Relire sa filmographie par les années 1960, les années 1970 et les années 2000 permet d'ailleurs de mieux voir ce qui persiste sous les changements d'échelle. Le jeune Bertolucci est le plus nerveux, le plus contaminé par la rupture politique et esthétique. Le Bertolucci des grands titres internationaux devient plus ample, mais pas plus serein. Il continue à filmer des sujets désorientés, traversés par des forces qui les excèdent. Même quand l'ambition devient historique ou géopolitique, le moteur reste souvent une crise intime qui ne trouve pas d'issue nette.

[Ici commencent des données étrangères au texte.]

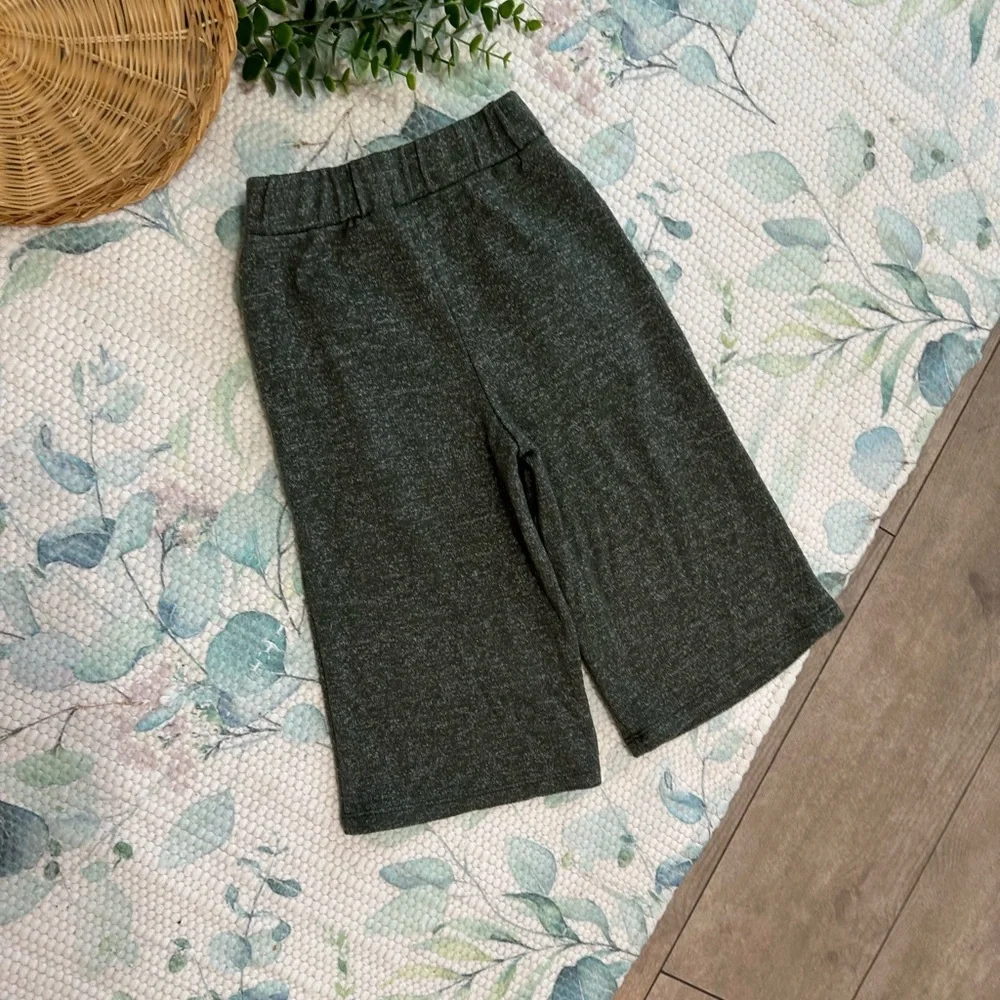 New Easy-Peasy Toddler Girl Hacci Wide Leg Pant Size 2T New without tags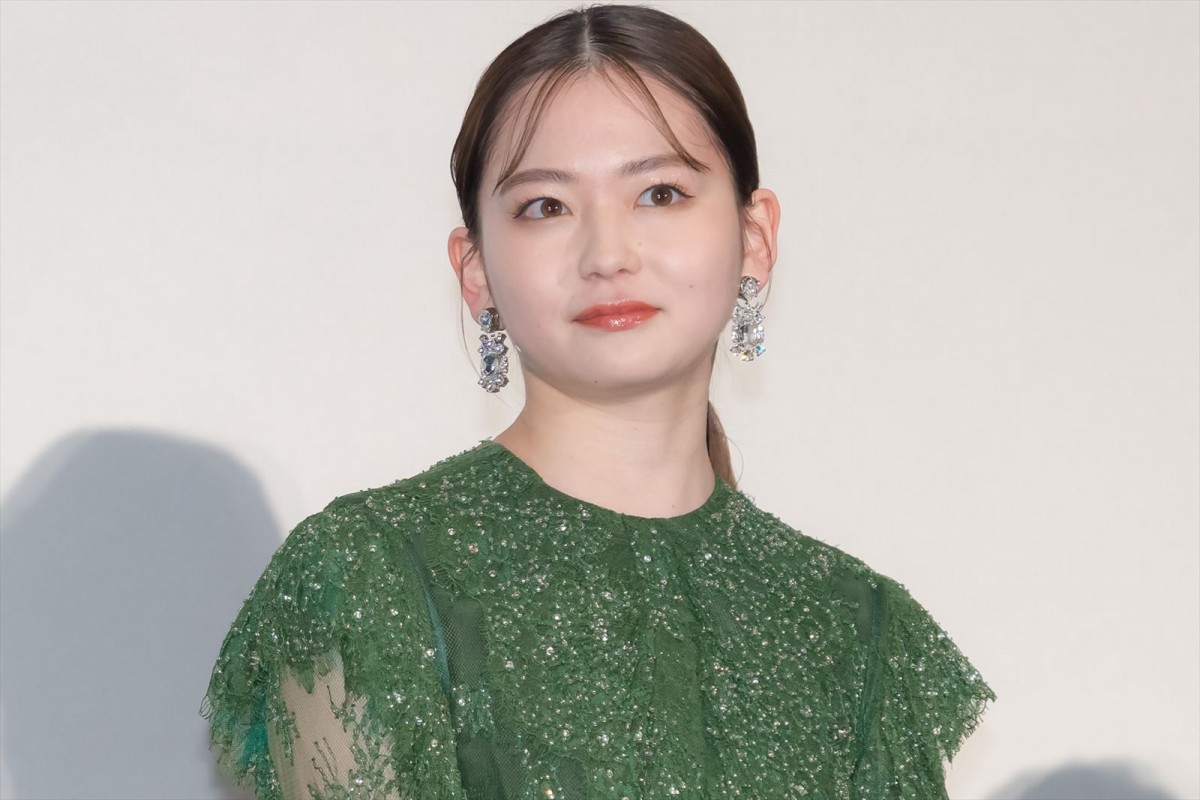 山田杏奈、山崎賢人の座長ぶりを絶賛「まさに“不死身の山崎”」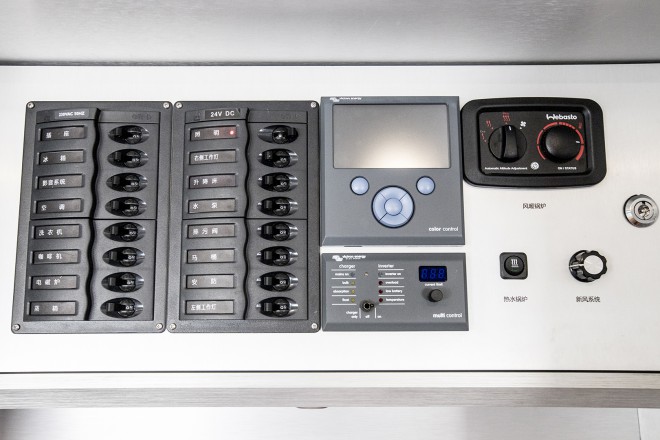 诺马迪森穿越者B洛阳德野高端越野房车德国奔驰4X4配电盘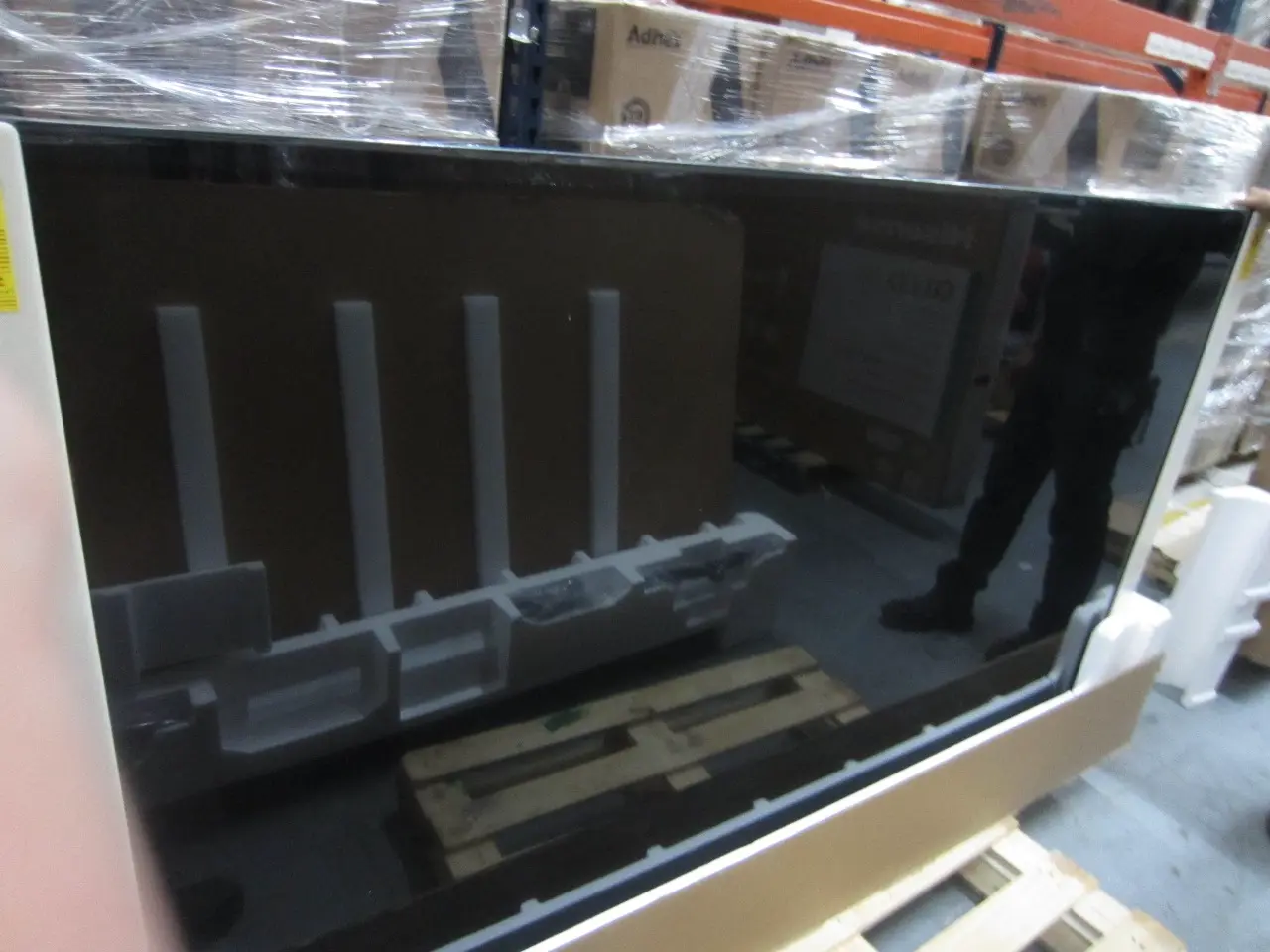 1 PANTALLA DE 85 PULGADAS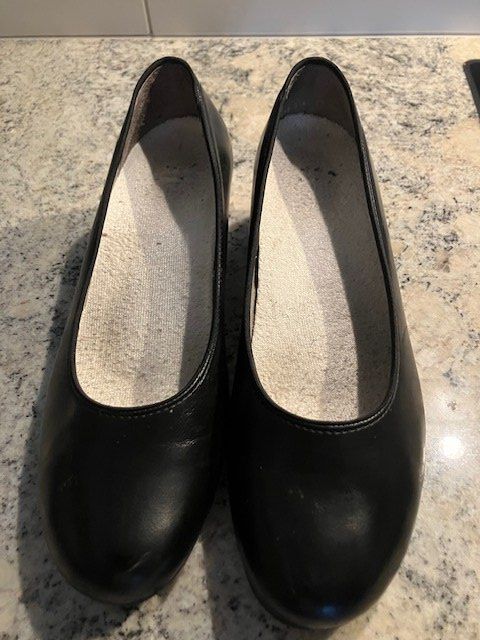 Scarpe da donna: Damen Pumps – Usato da Lufingen venduto da Montreux 2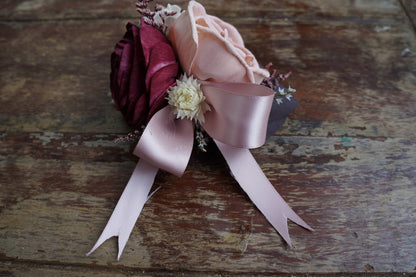 Victorian Sola Flower Corsage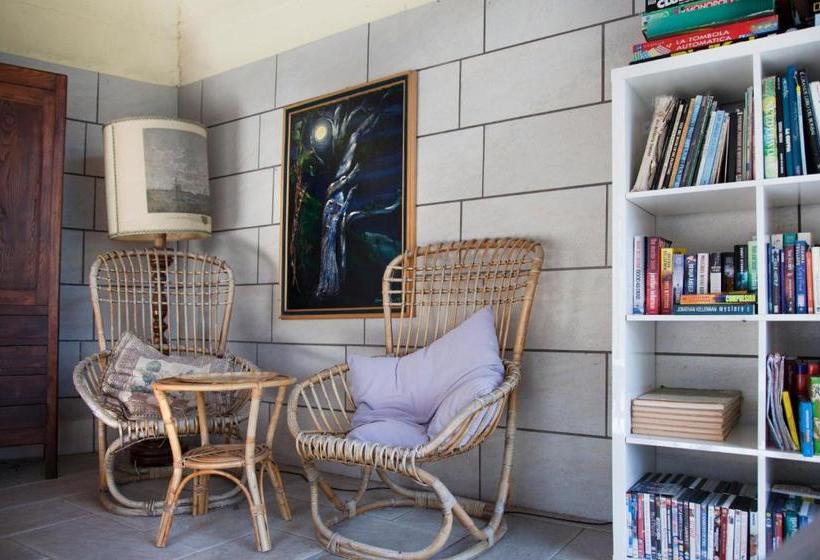 بنسيون La Lepre Danzante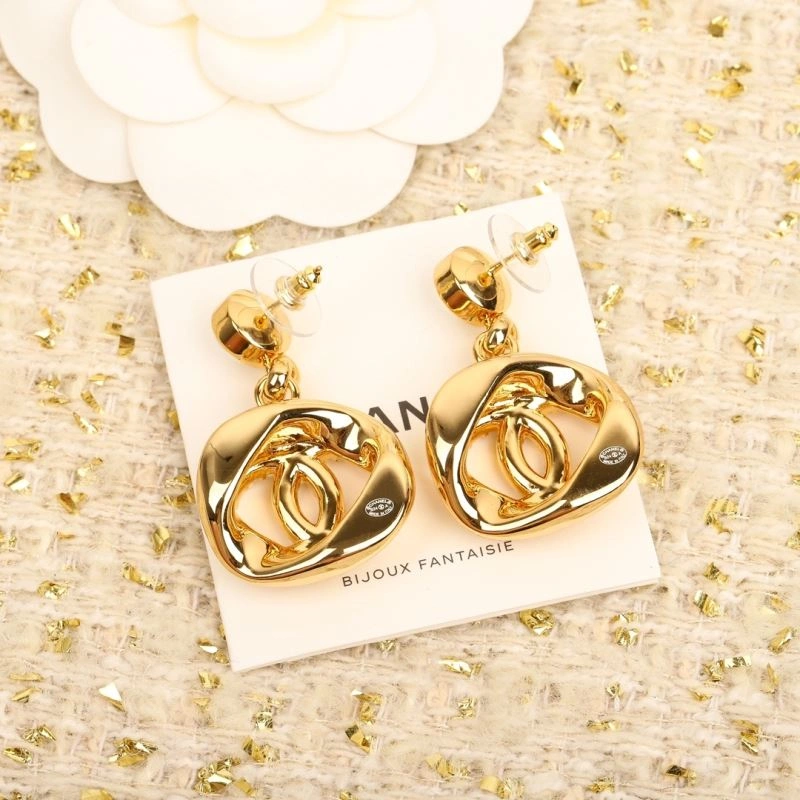 Chanel Earrings Trendsetting 229827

Sa place dans les grands festivals et dans l'histoire critique européenne compte aussi. Bertolucci appartient à une génération pour qui Cannes, Venise et les autres grands rendez-vous ne sont pas seulement des vitrines. Ce sont des lieux où le cinéma d'auteur a pu garder un rapport direct avec le trouble, la sensualité malade, la violence historique et les images dangereuses. Pour un public horror, cette position est importante. Elle rappelle que certaines des formes les plus fortes du malaise moderne se sont jouées en dehors du balisage strict du film d'horreur.

Ce qui reste, au fond, c'est une œuvre de contamination. Bertolucci filme des êtres que les idéologies traversent, que le désir use, que les lieux déplacent, que la mémoire piège. Le fantastique n'y est presque jamais déclaré, mais la logique de hantise y est constante. Un père mort continue d'organiser le présent. Un régime politique façonne la sexualité. Un appartement devient un laboratoire de confusion. Une chambre vide garde la trace d'une violence. Ce sont des structures que l'horreur connaît parfaitement, même lorsqu'elles prennent ici des habits de grand cinéma d'auteur.

Bernardo Bertolucci mérite donc d'être lu à côté de l'Italie, du giallo, de l'horreur psychologique et des grands carrefours comme Cannes. Non parce qu'il faudrait lui coller une étiquette de genre tardive, mais parce que son cinéma a constamment travaillé la peur sous ses formes les plus adultes: peur de désirer, peur d'hériter, peur de céder à l'ordre, peur de se dissoudre dans une image de soi devenue étrangère.